(Short text fragments from websites)
--- --- ---

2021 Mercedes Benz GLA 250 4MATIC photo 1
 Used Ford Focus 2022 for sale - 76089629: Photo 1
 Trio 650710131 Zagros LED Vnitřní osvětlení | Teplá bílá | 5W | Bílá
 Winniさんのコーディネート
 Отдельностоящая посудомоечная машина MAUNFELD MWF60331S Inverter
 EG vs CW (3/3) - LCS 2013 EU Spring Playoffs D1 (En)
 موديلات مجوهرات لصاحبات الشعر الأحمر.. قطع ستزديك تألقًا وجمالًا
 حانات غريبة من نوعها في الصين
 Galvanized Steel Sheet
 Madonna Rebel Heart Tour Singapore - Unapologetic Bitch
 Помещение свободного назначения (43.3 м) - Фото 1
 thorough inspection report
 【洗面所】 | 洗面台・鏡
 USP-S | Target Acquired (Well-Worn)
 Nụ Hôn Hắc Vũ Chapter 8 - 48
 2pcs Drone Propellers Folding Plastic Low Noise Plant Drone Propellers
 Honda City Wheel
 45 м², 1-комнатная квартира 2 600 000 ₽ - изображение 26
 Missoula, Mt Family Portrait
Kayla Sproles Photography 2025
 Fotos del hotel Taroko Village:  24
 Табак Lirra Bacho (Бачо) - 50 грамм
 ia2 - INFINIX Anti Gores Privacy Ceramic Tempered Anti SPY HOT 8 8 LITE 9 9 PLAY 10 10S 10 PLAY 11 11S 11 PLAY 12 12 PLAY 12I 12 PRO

--- --- ---

■ WHAT IS BEING ASKED
Look above for the line that holds "Nụ Hôn Hắc Vũ Chapter 8 - 48", then copy it and each line after it exactly, through the last line of the data.

■ OUTPUT OF THE TASK
 Nụ Hôn Hắc Vũ Chapter 8 - 48
 2pcs Drone Propellers Folding Plastic Low Noise Plant Drone Propellers
 Honda City Wheel
 45 м², 1-комнатная квартира 2 600 000 ₽ - изображение 26
 Missoula, Mt Family Portrait
Kayla Sproles Photography 2025
 Fotos del hotel Taroko Village:  24
 Табак Lirra Bacho (Бачо) - 50 грамм
 ia2 - INFINIX Anti Gores Privacy Ceramic Tempered Anti SPY HOT 8 8 LITE 9 9 PLAY 10 10S 10 PLAY 11 11S 11 PLAY 12 12 PLAY 12I 12 PRO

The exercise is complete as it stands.